What are the owners really after?
In these hours before the preposterous, offensive, yet seemingly inevitable NFL lockout, I find myself pondering NFL owners the way Freud once considered women.
What do they want?
Or, rather, what more could they want?
With the exception of a rookie wage scale, they have everything owners in other major sports would die for. The billionaire boys club led by Roger Goodell is the envy of all those who own franchises in Major League Baseball and the NBA. Let me count the ways:
The NFL doesn’t have a mere salary cap; it has a hard cap. There’s no “Larry Bird Rule.”
Long-term contracts are a mere formality. The NFL doesn’t have Barry Zitos or Carl Pavanos, Alfonso Sorianos or A.J. Burnetts. They just have guys who get cut. Doesn’t matter if they’re stars or scrubs, they get cut.

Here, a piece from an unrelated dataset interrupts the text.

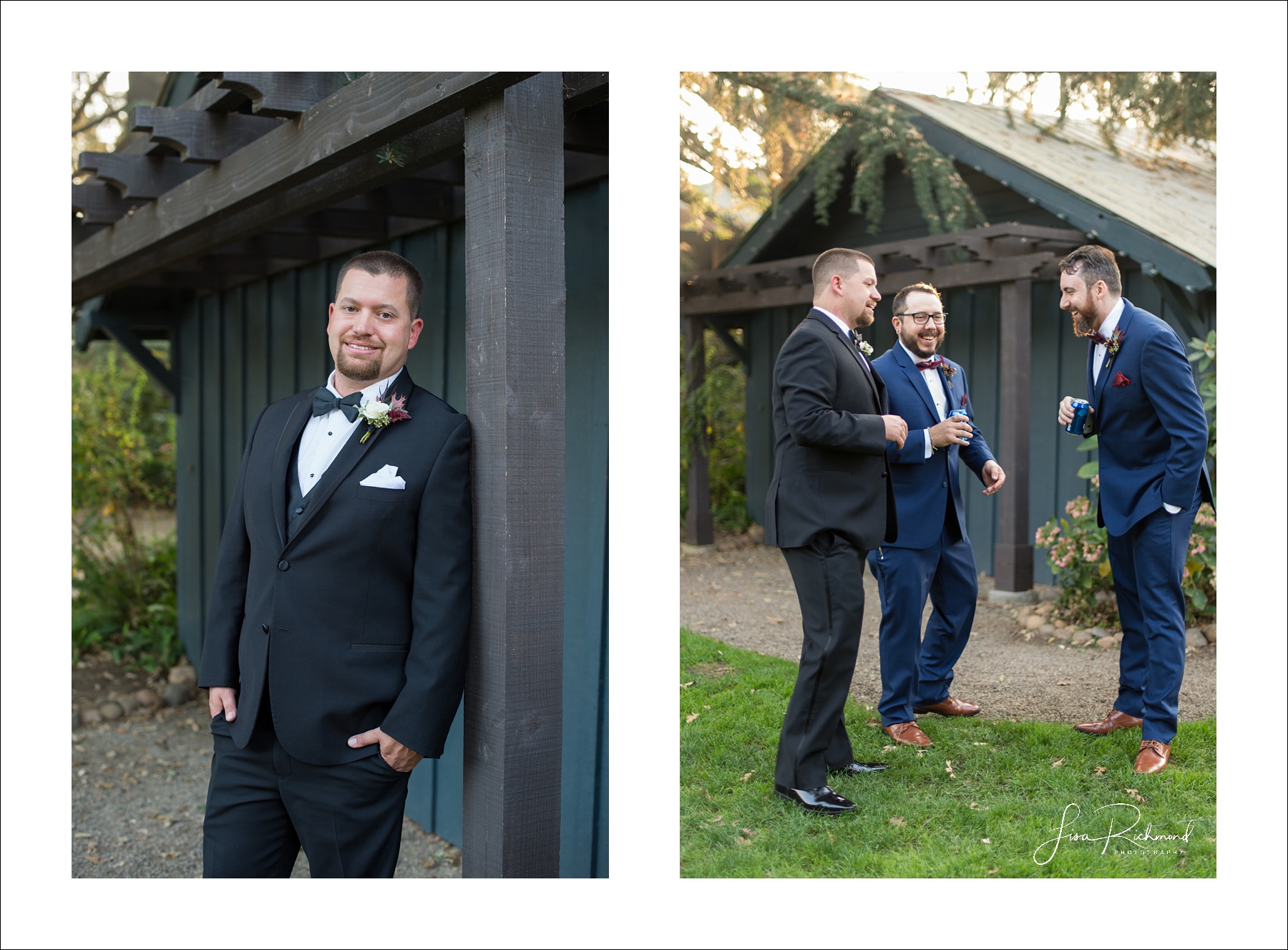 Aaron + Stephanie, Wine and Roses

You want to talk competitive balance? The winners of the last three Super Bowls were Green Bay, New Orleans and Pittsburgh. New Orleans is faking it as an NBA franchise, and Pittsburgh — another town I love — hasn’t been in the MLB postseason since the first term of the first George Bush. Green Bay couldn’t support an NHL team.
So what could these guys — who run the biggest money-making enterprise in the history of sports — possibly want? There has to be, in literal or metaphoric terms, a smoking gun.
Toward that end, I called Chad Speck, who negotiated Albert Haynesworth’s $100 million contract with the Washington Redskins.
The issue isn’t — or shouldn’t be — what anyone thinks of Haynesworth. The contract itself was a masterpiece of representation. But somehow it’s been misinterpreted and maligned as Exhibit A in the owners’ case. The malcontented defensive lineman got $41 million guaranteed, of which $32 million was guaranteed in the first 13 months.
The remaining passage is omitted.